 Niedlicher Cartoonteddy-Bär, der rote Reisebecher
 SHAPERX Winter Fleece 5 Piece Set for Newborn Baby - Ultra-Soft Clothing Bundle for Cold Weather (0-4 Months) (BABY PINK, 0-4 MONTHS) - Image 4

* * *

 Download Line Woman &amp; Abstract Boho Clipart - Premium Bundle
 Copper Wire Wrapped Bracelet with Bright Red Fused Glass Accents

| WORK INSTRUCTIONS |
Where a line of the data above includes "Bundle", copy that line.

| ANSWER SECTION |
 SHAPERX Winter Fleece 5 Piece Set for Newborn Baby - Ultra-Soft Clothing Bundle for Cold Weather (0-4 Months) (BABY PINK, 0-4 MONTHS) - Image 4
 Download Line Woman &amp; Abstract Boho Clipart - Premium Bundle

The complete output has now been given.